**INSTRUCTIONS TO FOLLOW**
Repeat each entry as written, dropping any picture you find.

**SOURCE DATA**
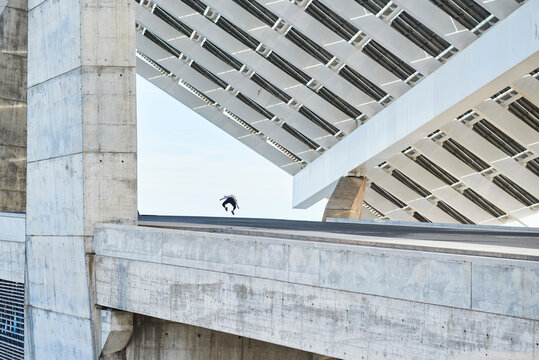 From below of anonymous person jumping or falling down from contemporary high rise concrete building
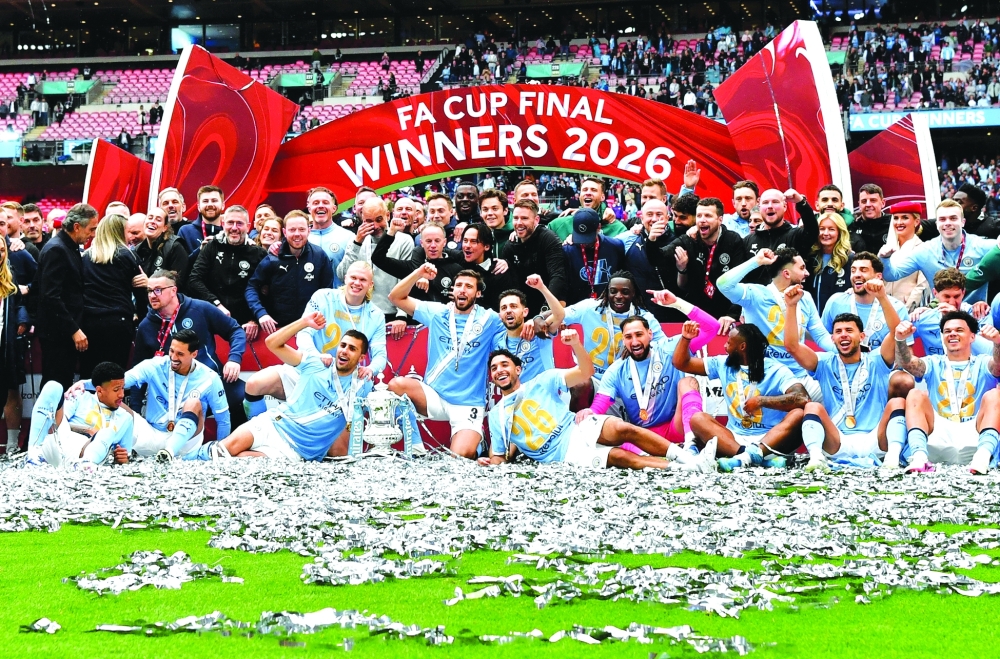Manchester City players celebrate with the FA Cup trophy. — Reuters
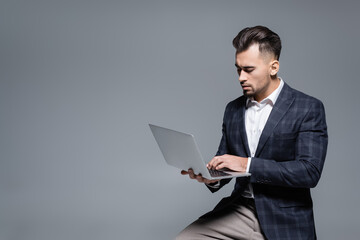 bearded businessman in suit using laptop isolated on grey.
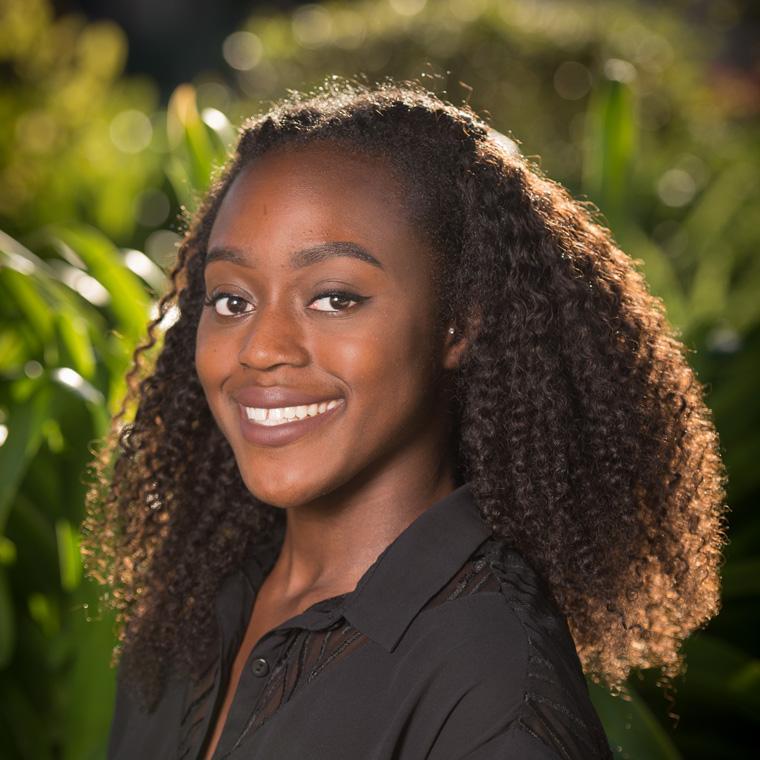 A woman smiling with greenery in the background.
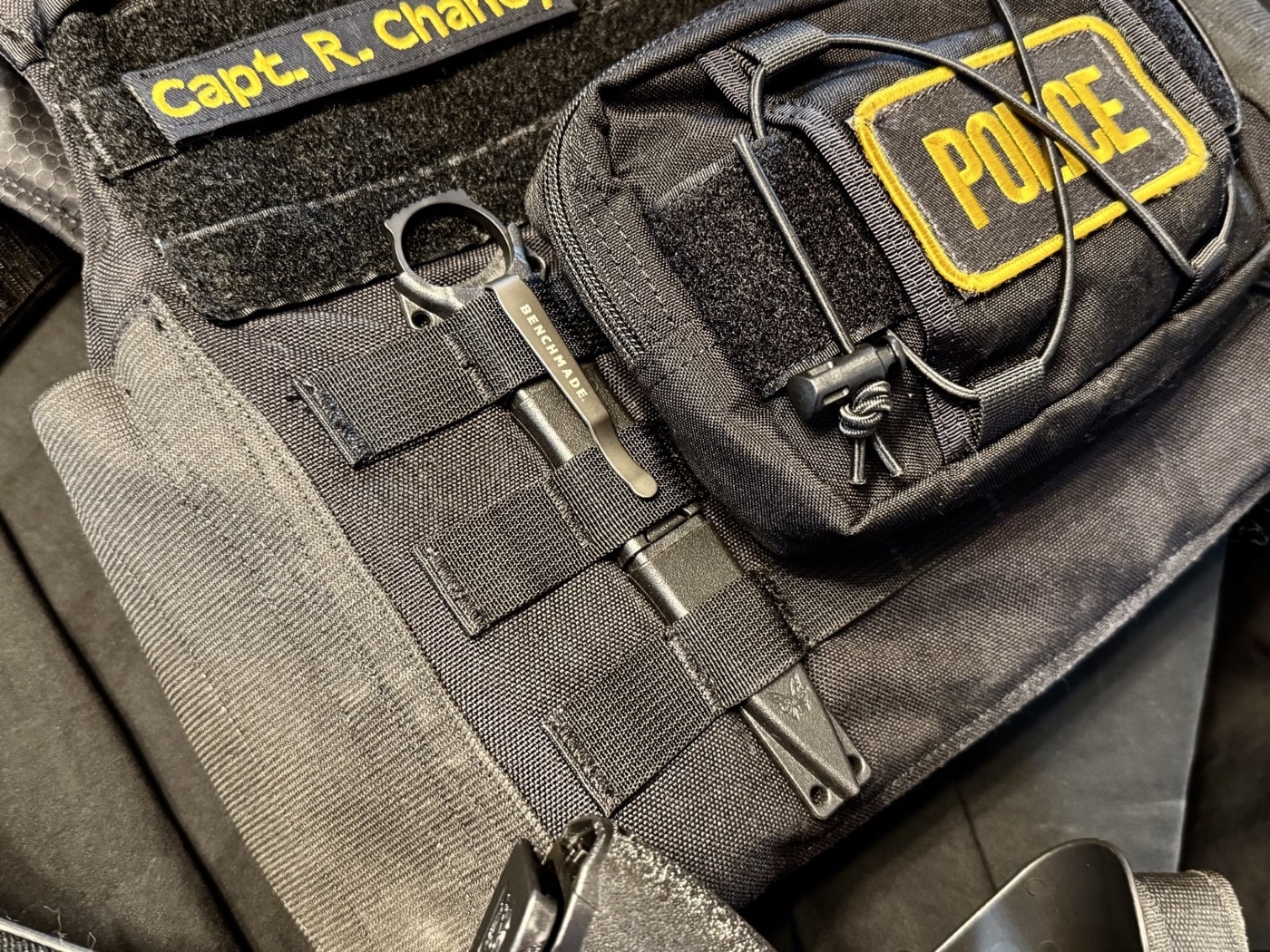 The dagger is shown lying flat on a plate carrier, ring exposed and sheath tucked into webbing. This is a staged carry position, exactly as intended by the designer. Everything about the knife’s size and shape is tuned for this type of integration. It won’t snag or bounce around when you move. It stays in place until it’s needed, and when it’s needed, it comes out fast. That’s the point of the system.
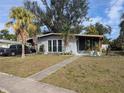 Gray house with palm trees and a walkway leading to the entrance at 2488 Warne St, Port Charlotte, FL 33952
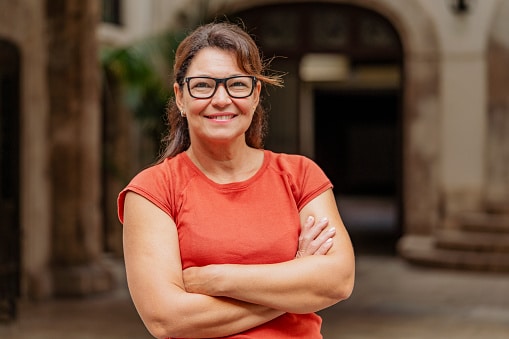 Smiling positive lady portrait arms crossed in a town street.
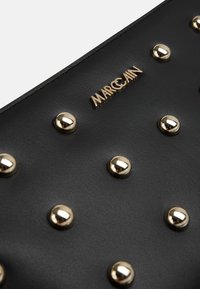 Black leather handbag featuring gold studs and a prominent metal logo, with a smooth texture and a structured design.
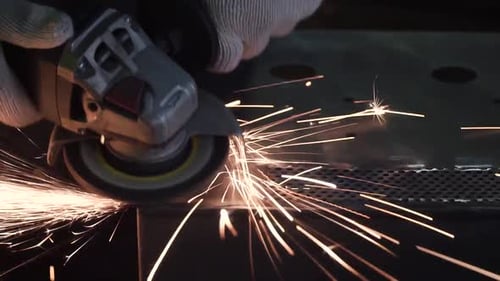 Metal Worker Sparks Flying Close Up in Dark Factory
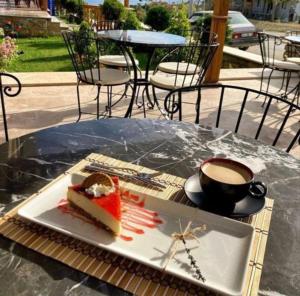 a piece of cake on a plate next to a cup of coffee at Limis Hotel in Çanakkale
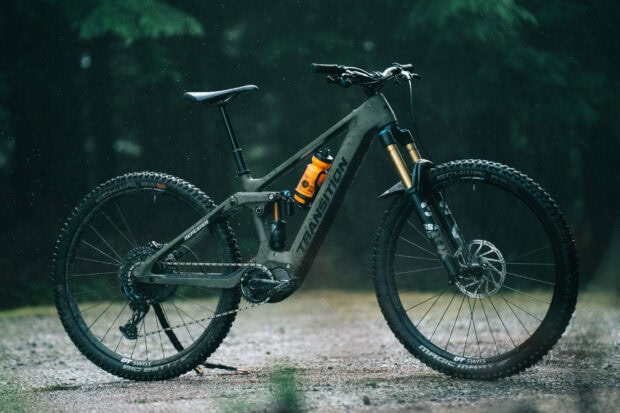 A mountain trail bike with the Transition Bikes logo is standing in the rain on a forest path, 2K Desktop Wallpaper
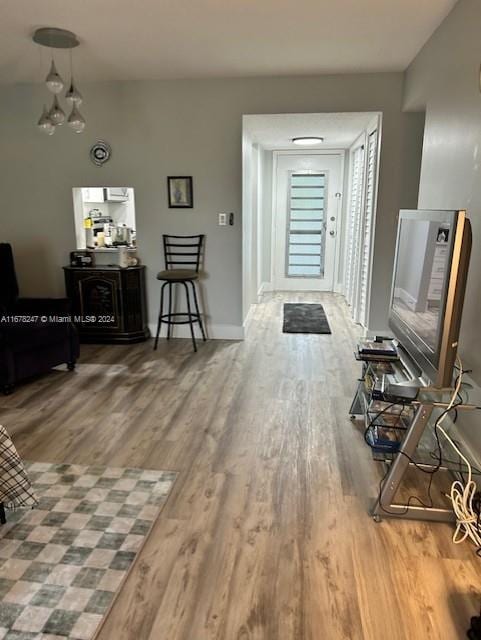 corridor featuring wood-type flooring and an inviting chandelier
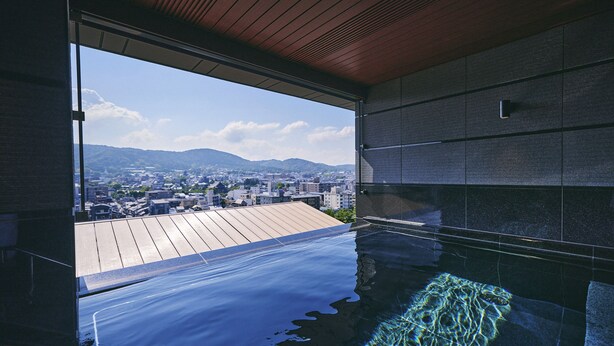 Piscina interior moderna con vista a un paisaje urbano y montañas.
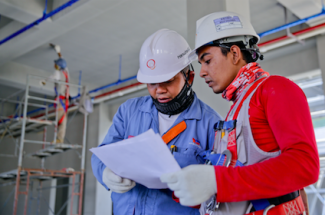 two men in hard hats look at a white paper together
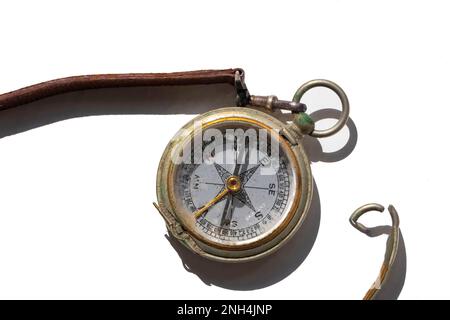 vintage compass with leather strap isolated on white background, harsh shadow Stock Photo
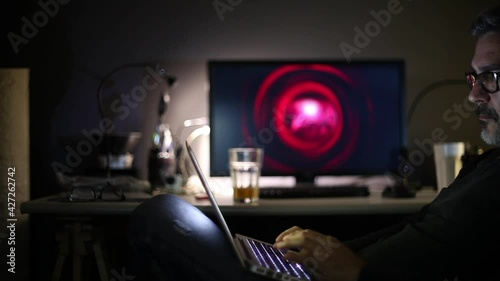 Man With Glasses Working on Computer Or Tablet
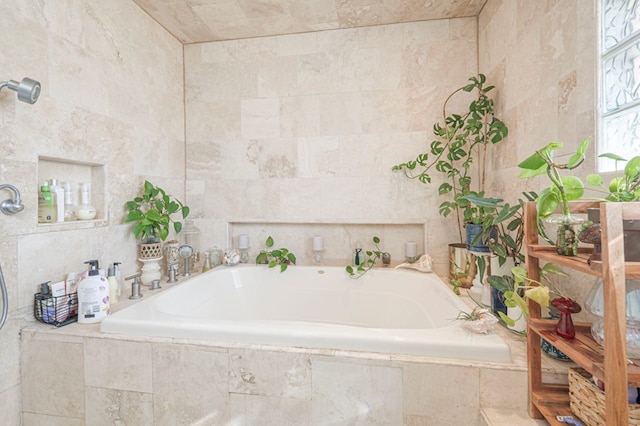 bathroom with tiled bath and tile walls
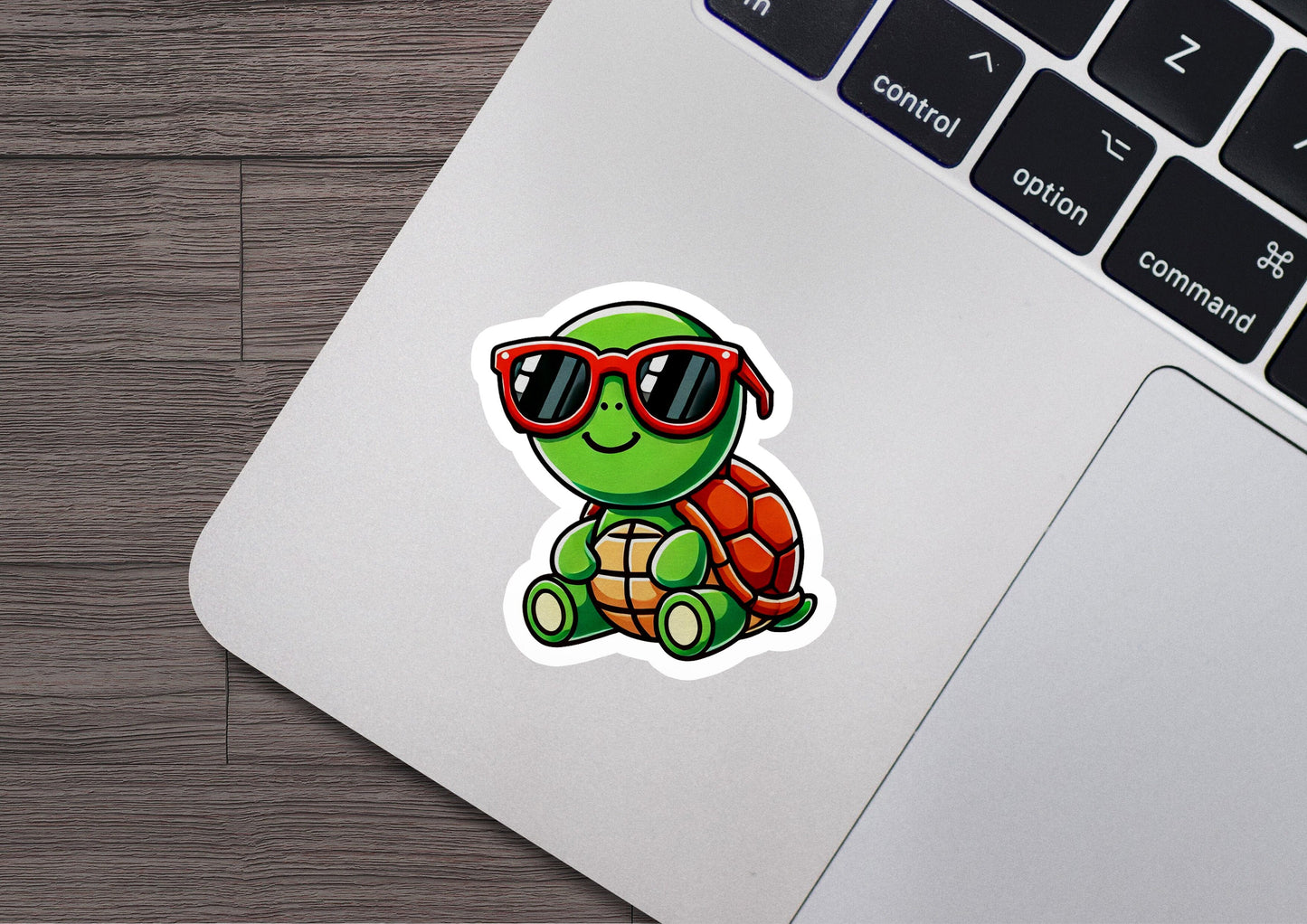 a laptop with a sticker of a turtle wearing sunglasses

**PROBLEM SOLUTION**
 From below of anonymous person jumping or falling down from contemporary high rise concrete building
Manchester City players celebrate with the FA Cup trophy. — Reuters
 bearded businessman in suit using laptop isolated on grey.
 A woman smiling with greenery in the background.
 The dagger is shown lying flat on a plate carrier, ring exposed and sheath tucked into webbing. This is a staged carry position, exactly as intended by the designer. Everything about the knife’s size and shape is tuned for this type of integration. It won’t snag or bounce around when you move. It stays in place until it’s needed, and when it’s needed, it comes out fast. That’s the point of the system.
 Gray house with palm trees and a walkway leading to the entrance at 2488 Warne St, Port Charlotte, FL 33952
 Smiling positive lady portrait arms crossed in a town street.
 Black leather handbag featuring gold studs and a prominent metal logo, with a smooth texture and a structured design.
 Metal Worker Sparks Flying Close Up in Dark Factory
 a piece of cake on a plate next to a cup of coffee at Limis Hotel in Çanakkale
 A mountain trail bike with the Transition Bikes logo is standing in the rain on a forest path, 2K Desktop Wallpaper
 corridor featuring wood-type flooring and an inviting chandelier
 Piscina interior moderna con vista a un paisaje urbano y montañas.
 two men in hard hats look at a white paper together
 vintage compass with leather strap isolated on white background, harsh shadow Stock Photo
 Man With Glasses Working on Computer Or Tablet
 bathroom with tiled bath and tile walls
 a laptop with a sticker of a turtle wearing sunglasses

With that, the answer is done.